The 2012 Cultural Studies Association of Australasia (CSAA) conference kicks off next week. The theme for this one is Materialities: Economies, Empiricism and Things. They like big conceptual words in cultural studies, the nuances of which are always sure to open up some insightful research and conversation about things we often overlook in day-to-day life – like what it is to be a person in the (pumping, shifting, ever-changing) world, or how groups of people make sense of moments, events and trends in particular times and places.
This conference appears to be one of the best organised that I have attended, too. It even has it’s own app. Monday kicks off with a postgrad/early career researcher event. Along with sessions on grant and journal writing, topics like academic use of social media will be interesting to hear about as well. The conference proper runs from Tuesday to Thursday.
It’s a great feeling when you look through a conference program in advance and get excited about several different panels at once. It means your own research is crossing a number of conceptual boundaries and that there are countless opportunities to develop this thinking in relation to the thoughts and findings of others.
I’ll be talking about endurance mountain bike riding as a way into a broader discussion on the perception and management of fatigue.
Body-As-Object and the Materiality of Fatigue
“I’ve had some hard races and pushed myself before; I’ve been dizzy and had tunnel vision, I’ve gone deep enough that I could taste metal in my mouth from protein break down… but none of those experiences even comes close to this race.
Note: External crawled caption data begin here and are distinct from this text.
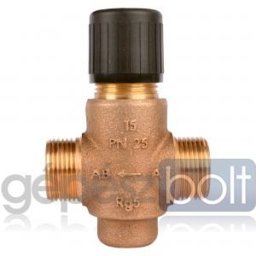 Siemens VVG549.15-2.5 kétjáratú szabályozó szelep PN 25, DN 15, kvs 2.5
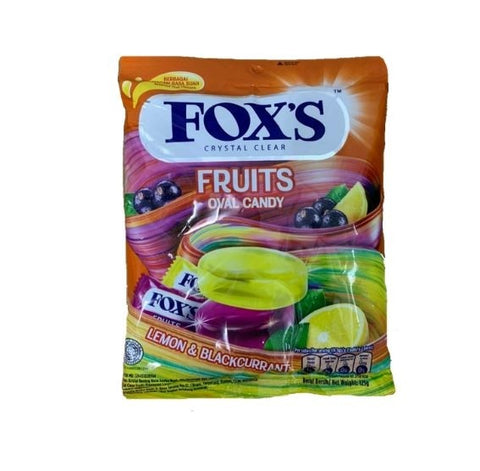 Foxs Fruits Oval Candy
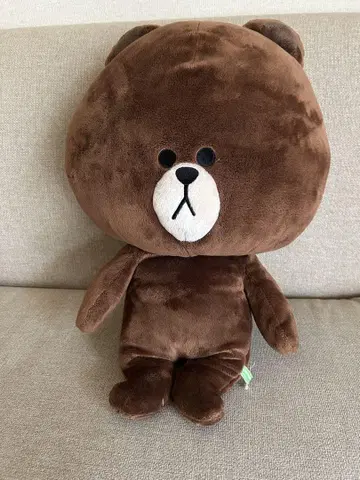 LINE 브라운 봉제 인형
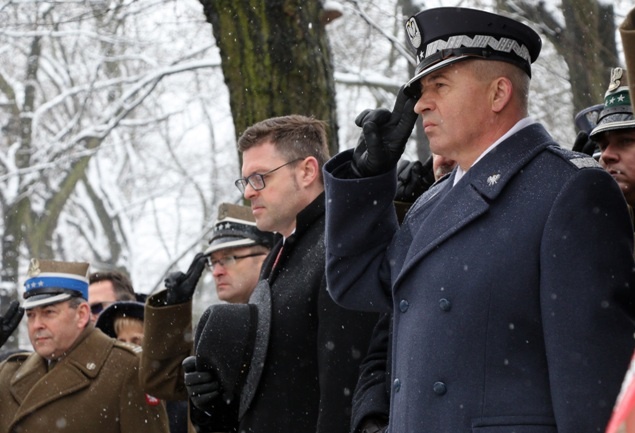 1 marca 2016 - oficjalne obchody Narodowego Dnia Pamięci Żołnierzy Wyklętych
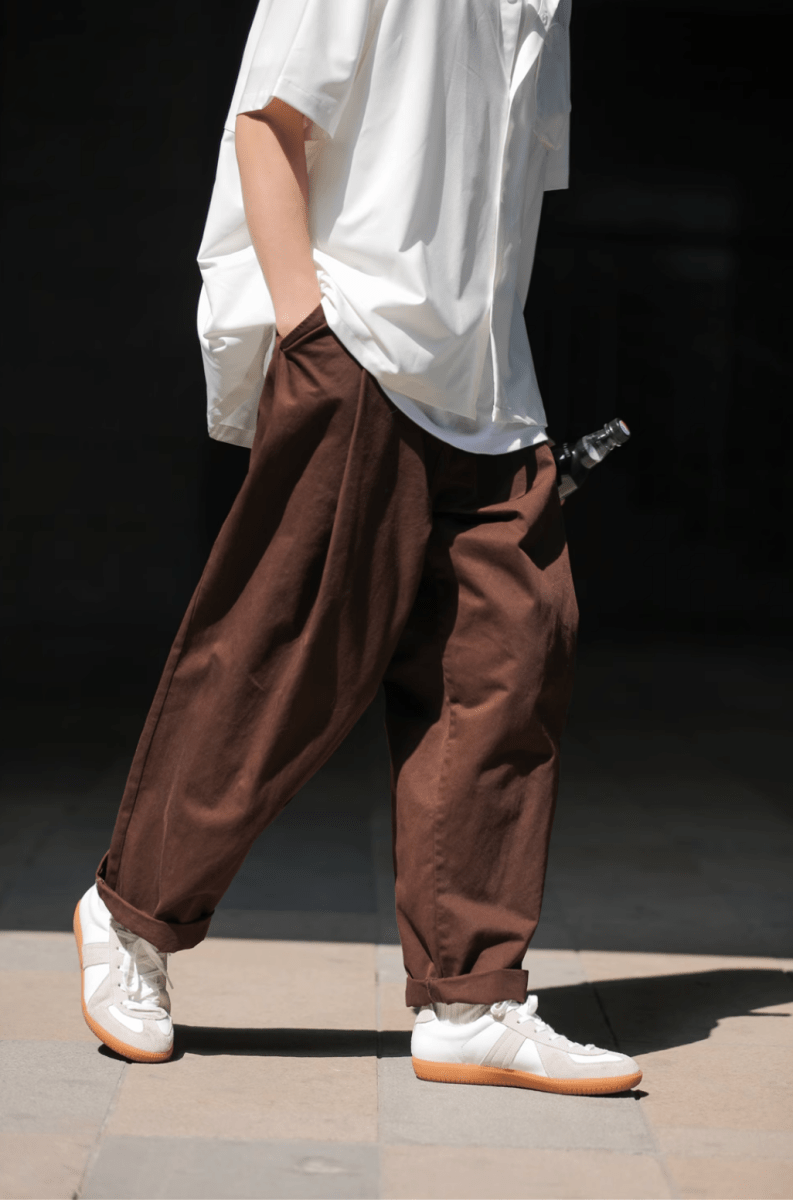 Straight retro pants N5477 - メンズファッション通販 NNine(ナイン)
There is a line somewhere in the sand, and this time I crossed it and went too far.” [1]
24 Hour Solo is a rapidly growing discipline within the sport of mountain bike racing where participants ride from midday one day until midday the next. For some athletes it’s the difficulty of the competition that attracts them to the challenge. For others, they are curious to find out how far they can push their bodies: what new knowledge will they discover about its motivation and materiality that they can’t find out in their regular day-to-day?
Science provides clear insights into the reasons for experiences like McAvoy’s above and explains why some racers finish looking fresh, while others may fail to finish at all. What interests me is that hundreds of people line up at the start line to experience it for themselves. A process that, regardless of any objective knowledge of what may happen, must be phenomenologically policed.
It is easy to shake our heads at this type of competition and label it as irrational or odd. But this behaviour is nothing new; human kind has long sought out ways to test the limits of their material selves. This paper asks what we might learn from people’s reports. I will explore some of the strategies riders use to monitor and overcome these situations and discuss new ways of looking at theories of embodied cognition and action that come up as a result.